[Opening Supplied data section]
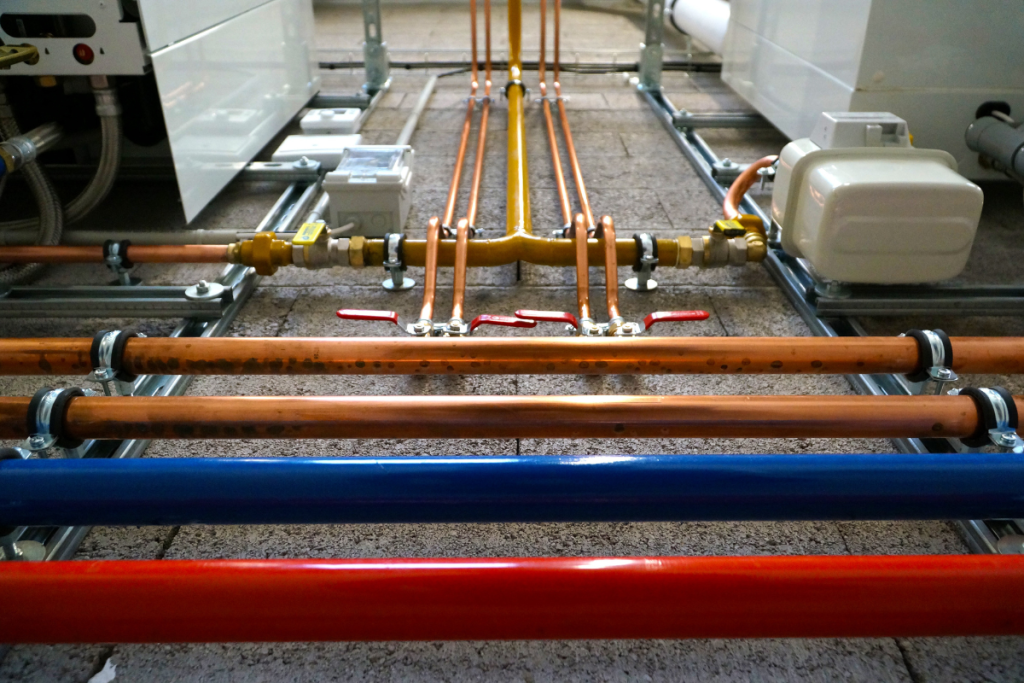 Plumbing pipes running along a concrete floor
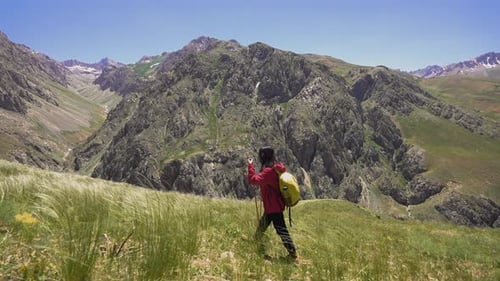 Woman Hiking Through Mountain Valley on Sunny Day
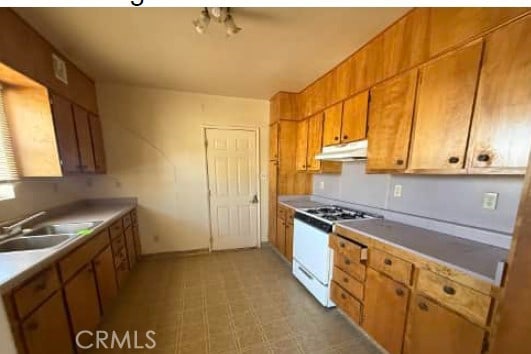 kitchen with brown cabinets, a sink, under cabinet range hood, gas range gas stove, and light countertops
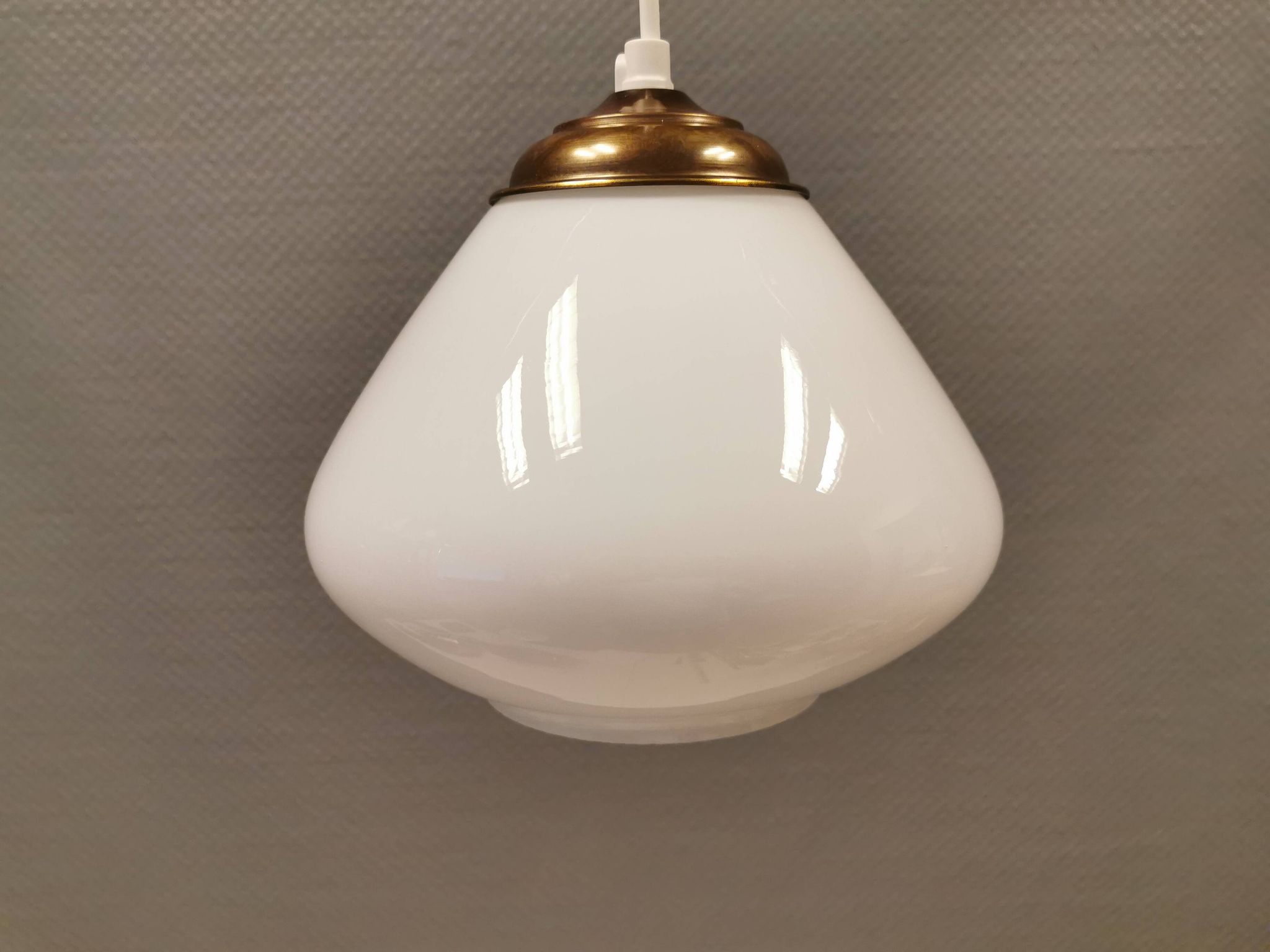 Beautiful ball-shaped hanging lamp in white opal glass with brass top.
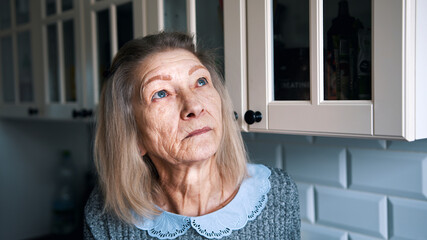 Sad lonely old gray haired woman looking through the window. Vulnerable person in quarantine. High...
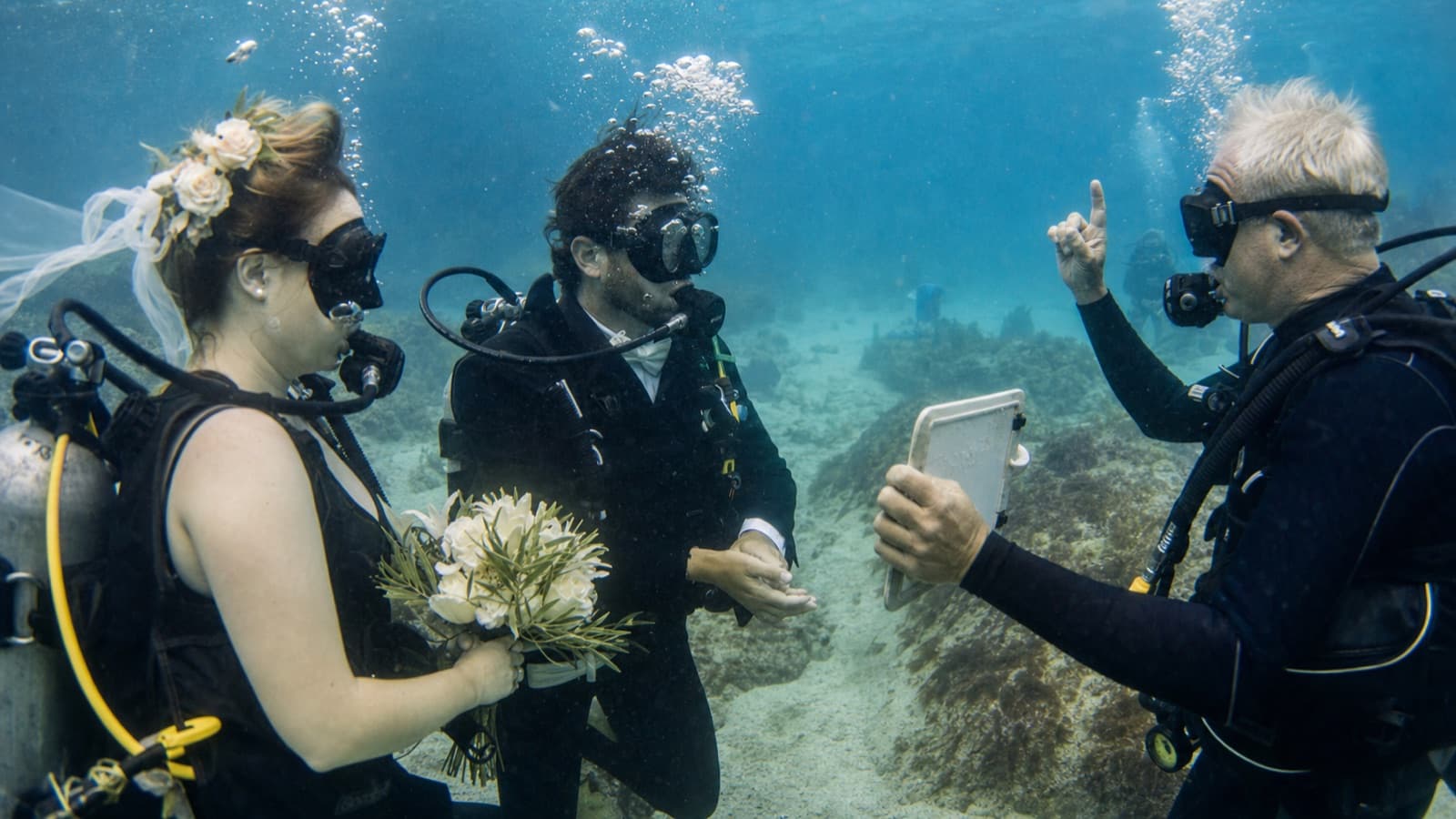 Underwater Weddings: How Do You MC When No One Can Hear You?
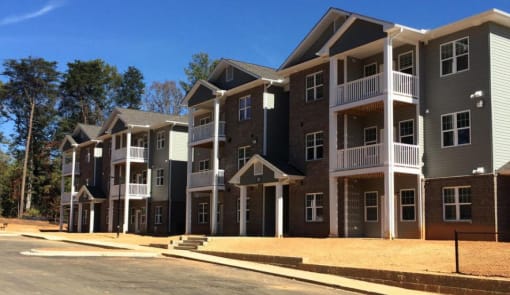 A row of new townhouses with balconies and front yards.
[Closing Supplied data section]
### What is needed
Please copy the lines above, starting at the one that holds "Beautiful ball-shaped hanging" and stopping after the last line, exactly as they appear and minus the pictures.

### Answer for this exercise
 Beautiful ball-shaped hanging lamp in white opal glass with brass top.
 Sad lonely old gray haired woman looking through the window. Vulnerable person in quarantine. High...
 Underwater Weddings: How Do You MC When No One Can Hear You?
 A row of new townhouses with balconies and front yards.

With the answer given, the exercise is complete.